ABUSO DI PROCESSO. “Ben conoscendo - scrive Furore - il rigore, lo stile, il rispetto di ruoli, prerogative ed istituzioni di Maria Aida Episcopo, non avevo alcun dubbio sull’esito del ricorso in cui Giuseppe Mainiero l’ha trascinata, non appena si è insediata come sindaca della nostra città. Ma i magistrati della prima sezione civile del Tribunale di Foggia, nelle 19 pagine dell’ordinanza di rigetto, sono andati ben oltre quello che ci saremmo aspettati: hanno parlato di 'abuso del processo'; di un’azione
intrapresa con 'motivi privi di reale fondamento, e ciò pur nella consapevolezza che il neoeletto Sindaco è
non solo impegnato nell’amministrare la città, ma anche nel ricostruire la fiducia dei cittadini nelle
amministrazioni locali, fiducia messa a dura prova dal recente scioglimento del Comune per infiltrazioni
mafiose'; hanno definito 'ostruzionismo politico' una linea spacciata da Mainiero come 'un atto di difesa dei cittadini dal degrado amministrativo' ”.

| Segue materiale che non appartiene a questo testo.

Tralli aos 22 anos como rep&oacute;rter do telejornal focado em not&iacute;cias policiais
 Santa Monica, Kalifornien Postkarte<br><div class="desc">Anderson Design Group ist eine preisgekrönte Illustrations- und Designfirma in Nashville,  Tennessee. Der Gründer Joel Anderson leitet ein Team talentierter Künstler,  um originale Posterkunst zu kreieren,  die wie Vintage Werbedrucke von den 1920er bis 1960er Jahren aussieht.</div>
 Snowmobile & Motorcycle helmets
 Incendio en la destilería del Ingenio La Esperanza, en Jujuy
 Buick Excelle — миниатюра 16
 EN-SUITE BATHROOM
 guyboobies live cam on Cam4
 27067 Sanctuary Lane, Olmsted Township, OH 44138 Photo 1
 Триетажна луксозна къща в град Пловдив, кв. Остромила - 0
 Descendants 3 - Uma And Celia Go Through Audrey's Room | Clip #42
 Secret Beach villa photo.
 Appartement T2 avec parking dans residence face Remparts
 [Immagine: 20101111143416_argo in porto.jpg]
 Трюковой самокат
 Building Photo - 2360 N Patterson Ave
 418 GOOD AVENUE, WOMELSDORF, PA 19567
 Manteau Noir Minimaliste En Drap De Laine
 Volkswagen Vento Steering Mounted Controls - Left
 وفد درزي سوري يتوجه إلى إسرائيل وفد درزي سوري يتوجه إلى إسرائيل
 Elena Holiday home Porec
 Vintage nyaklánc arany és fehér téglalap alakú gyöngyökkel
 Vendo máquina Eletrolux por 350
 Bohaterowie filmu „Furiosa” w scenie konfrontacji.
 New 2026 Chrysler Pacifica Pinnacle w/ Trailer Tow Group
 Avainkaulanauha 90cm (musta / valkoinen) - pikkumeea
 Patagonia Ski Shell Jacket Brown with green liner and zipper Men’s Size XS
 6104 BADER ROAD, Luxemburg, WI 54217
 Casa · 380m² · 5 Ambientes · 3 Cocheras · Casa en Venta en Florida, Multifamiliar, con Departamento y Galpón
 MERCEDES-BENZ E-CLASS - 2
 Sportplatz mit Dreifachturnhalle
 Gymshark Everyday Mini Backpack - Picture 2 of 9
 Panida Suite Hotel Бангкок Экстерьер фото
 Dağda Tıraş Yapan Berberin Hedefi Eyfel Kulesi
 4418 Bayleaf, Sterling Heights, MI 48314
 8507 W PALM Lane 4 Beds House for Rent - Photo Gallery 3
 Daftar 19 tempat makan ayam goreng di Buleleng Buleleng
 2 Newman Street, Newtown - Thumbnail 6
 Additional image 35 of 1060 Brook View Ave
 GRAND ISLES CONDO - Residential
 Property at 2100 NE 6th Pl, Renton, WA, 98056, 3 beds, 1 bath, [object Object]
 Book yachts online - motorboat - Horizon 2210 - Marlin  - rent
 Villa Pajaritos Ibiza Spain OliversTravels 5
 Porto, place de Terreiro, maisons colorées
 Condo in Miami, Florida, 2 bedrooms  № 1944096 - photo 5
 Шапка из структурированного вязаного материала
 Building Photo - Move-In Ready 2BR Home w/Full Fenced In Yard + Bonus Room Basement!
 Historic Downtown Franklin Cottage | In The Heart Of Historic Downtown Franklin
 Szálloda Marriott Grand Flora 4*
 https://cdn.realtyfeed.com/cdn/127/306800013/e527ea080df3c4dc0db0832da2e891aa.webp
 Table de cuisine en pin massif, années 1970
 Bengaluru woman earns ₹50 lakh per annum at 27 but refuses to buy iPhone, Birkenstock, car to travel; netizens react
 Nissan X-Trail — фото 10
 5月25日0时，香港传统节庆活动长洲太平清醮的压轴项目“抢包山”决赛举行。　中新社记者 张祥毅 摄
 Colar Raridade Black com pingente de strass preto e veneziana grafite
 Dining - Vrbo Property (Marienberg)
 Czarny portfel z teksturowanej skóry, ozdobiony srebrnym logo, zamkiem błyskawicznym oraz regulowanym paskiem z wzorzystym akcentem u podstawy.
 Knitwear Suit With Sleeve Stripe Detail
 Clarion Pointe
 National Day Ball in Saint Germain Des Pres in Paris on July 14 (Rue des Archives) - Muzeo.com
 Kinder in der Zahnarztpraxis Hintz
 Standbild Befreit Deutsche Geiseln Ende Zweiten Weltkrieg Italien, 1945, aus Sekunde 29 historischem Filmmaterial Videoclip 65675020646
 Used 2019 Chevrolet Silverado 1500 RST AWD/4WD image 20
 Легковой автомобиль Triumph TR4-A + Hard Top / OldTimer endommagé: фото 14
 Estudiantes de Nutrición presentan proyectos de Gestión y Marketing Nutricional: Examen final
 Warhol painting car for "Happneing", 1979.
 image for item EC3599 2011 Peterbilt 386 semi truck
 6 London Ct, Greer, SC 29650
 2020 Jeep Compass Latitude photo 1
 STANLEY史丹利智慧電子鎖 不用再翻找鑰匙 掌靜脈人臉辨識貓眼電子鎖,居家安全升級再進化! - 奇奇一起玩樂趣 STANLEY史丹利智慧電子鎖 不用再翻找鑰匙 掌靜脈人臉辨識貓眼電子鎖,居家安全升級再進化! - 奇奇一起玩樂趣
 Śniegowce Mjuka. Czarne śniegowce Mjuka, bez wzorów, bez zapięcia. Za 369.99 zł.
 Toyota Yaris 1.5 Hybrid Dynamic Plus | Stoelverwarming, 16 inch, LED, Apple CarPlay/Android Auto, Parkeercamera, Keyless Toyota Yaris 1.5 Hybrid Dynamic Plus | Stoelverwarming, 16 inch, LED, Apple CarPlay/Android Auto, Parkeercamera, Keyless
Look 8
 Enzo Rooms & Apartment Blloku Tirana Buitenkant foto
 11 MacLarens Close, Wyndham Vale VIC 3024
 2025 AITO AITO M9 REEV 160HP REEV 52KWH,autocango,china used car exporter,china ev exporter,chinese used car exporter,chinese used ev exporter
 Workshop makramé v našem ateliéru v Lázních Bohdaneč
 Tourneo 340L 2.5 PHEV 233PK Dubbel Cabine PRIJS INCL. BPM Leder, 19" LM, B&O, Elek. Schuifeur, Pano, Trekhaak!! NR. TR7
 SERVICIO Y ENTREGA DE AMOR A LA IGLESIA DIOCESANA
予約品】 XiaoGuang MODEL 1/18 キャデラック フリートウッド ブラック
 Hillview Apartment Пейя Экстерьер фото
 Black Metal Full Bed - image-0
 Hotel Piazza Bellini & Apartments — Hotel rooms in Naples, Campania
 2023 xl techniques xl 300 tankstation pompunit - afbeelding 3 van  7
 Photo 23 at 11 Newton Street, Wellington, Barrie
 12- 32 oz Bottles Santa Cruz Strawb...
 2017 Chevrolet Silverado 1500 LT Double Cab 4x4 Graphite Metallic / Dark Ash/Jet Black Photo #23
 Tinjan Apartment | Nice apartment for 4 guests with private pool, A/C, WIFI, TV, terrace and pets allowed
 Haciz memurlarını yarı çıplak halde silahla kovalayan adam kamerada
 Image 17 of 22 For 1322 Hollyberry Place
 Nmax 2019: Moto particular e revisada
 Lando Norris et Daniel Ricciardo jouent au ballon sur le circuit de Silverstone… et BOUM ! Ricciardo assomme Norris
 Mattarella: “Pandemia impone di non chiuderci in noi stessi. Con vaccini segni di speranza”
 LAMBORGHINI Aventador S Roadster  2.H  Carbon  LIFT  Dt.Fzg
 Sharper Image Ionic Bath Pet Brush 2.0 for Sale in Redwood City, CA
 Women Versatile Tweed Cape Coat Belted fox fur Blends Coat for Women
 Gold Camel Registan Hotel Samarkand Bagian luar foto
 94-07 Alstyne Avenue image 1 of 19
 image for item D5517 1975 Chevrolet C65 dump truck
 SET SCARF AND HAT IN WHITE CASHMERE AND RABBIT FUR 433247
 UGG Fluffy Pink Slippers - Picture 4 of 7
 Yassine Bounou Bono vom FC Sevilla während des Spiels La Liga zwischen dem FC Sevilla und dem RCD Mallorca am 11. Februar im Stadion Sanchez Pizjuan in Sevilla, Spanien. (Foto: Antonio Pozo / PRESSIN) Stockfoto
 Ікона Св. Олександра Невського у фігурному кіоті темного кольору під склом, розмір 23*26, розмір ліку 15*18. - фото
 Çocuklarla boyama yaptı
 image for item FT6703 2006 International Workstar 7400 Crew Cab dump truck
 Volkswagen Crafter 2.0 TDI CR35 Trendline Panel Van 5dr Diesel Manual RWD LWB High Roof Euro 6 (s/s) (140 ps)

IL RUOLO DELL'OPPOSIZIONE. “E’ la vittoria della città - prosegue l'europarlamentare - rappresentata degnamente dalla nostra sindaca, sull’irresponsabilità, sull’incapacità di accettare un confronto sul piano politico senza scadere nell’insulto e nell’ossessione, di accettare ed
elaborare una sconfitta, di rispettare il voto dei cittadini e il risultato delle urne. L’opposizione è sacra e
fondamentale per la tenuta di un sistema democratico e in un’assemblea elettiva: ma Foggia non ha bisogno di un’opposizione unicamente animata da spirito di rivalsa e di vendetta, di una opposizione in
campagna elettorale permanente e chiusa in uno spazio circoscritto riempito da monologhi deliranti, senza
connessione con la realtà. E diventa grave e pericoloso quando si cerca di spacciare un certo modo di fare
opposizione per verità assoluta, alimentando tensione e confusione all’interno e all’esterno
dell’amministrazione comunale, anche a livello nazionale.
Foggia merita ben altro. Merita amministratori capaci, onesti, responsabili, non tribuni improvvisati
prigionieri della propria rabbia e dei propri fallimenti”.